The horn sounded again and I nearly jumped out of my skin we were so close to it. We moved down the street, examining each parked car we came to. The light found them in the encompassing, crowding blackness and each one was empty. Several times, as Billy moved the spoking beam of the light about, I could have sworn I caught a momentary glimpse of a nebulous black shape pulling away. It had to be my imagination and I told myself so, but as night-black shadows jumped around us, I could not convince myself of it.
“There,” Billy said and his voice sounded dry as dirt.
It came out of the darkness slowly as we approached it like a sunken ship on a seabed—an SUV that had jumped the curb and smashed into a telephone pole. The front end was bashed in. I could smell oil and antifreeze. Cables dangled to either side of it, blocking the doors. Another was coiled on the roof.
“Shit,” Billy said.
Shit was right. There was no way for us to open the doors without getting caught ourselves. We discussed smashing in the rear window, but that was tricky because about two feet of the cable on the roof hung over it. That wasn’t going to work. The side windows were an option, but they were awfully damn close to the cables. We just stood there, thinking it out, knowing we had to do something.

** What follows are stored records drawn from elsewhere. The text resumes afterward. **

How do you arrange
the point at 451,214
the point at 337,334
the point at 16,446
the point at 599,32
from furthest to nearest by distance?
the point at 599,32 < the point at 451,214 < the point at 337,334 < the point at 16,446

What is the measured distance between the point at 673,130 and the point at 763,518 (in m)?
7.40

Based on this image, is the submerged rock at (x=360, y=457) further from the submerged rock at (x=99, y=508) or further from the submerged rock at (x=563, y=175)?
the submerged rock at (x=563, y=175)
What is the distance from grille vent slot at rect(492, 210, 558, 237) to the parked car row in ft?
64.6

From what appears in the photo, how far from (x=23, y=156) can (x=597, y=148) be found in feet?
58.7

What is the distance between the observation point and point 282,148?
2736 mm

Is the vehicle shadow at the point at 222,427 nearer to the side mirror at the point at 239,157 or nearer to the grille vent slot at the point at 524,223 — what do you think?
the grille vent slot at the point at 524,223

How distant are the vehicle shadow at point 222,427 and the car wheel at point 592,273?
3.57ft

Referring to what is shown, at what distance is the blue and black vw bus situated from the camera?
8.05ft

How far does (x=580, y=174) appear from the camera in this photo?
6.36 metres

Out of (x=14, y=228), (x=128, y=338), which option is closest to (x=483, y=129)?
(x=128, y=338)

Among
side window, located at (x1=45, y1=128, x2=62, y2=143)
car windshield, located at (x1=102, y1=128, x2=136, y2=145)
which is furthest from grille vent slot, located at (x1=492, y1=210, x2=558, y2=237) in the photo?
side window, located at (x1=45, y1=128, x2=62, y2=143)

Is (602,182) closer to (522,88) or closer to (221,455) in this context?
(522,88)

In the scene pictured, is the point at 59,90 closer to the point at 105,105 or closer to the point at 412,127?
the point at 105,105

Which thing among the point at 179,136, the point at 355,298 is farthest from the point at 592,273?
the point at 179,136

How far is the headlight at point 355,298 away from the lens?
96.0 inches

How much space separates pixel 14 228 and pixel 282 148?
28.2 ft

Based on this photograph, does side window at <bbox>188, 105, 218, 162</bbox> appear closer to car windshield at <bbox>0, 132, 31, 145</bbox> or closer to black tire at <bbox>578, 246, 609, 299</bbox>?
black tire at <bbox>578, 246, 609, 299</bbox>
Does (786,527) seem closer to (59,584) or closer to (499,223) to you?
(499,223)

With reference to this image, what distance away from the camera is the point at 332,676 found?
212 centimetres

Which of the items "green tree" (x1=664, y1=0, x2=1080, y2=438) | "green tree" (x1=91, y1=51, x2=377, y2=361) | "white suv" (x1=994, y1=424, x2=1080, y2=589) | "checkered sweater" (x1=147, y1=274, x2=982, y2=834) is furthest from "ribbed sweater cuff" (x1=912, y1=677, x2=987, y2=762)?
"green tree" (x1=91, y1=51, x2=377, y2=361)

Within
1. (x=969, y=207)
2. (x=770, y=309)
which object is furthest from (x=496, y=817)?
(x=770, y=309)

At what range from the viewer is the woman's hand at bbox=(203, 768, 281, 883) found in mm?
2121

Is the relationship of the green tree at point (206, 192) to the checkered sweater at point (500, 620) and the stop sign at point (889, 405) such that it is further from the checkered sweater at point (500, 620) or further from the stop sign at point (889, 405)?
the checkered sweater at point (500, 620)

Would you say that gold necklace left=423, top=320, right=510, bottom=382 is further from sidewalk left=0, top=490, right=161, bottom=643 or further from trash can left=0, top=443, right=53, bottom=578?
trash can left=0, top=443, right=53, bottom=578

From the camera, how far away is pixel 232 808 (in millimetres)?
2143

One of the windows unrolled a few inches. I saw a woman’s frantic face peeking out. “Help us,” she said. “We’re trapped. I have children in here. An injured man.”
Getting them out was more imperative than ever.
Billy had her turn on the SUV’s headlights to illuminate the area. It was something. I knew there was only one thing to do. I took the flashlight and jogged down a couple houses and came back with a rake I had seen leaning up against a fence. When Al had gotten stuck on that cable and I tried to pull him loose, the cable had moved with him like a rope hanging from a tree. I was counting on these to do the same.
Billy saw what I was doing. “Watch it,” he said.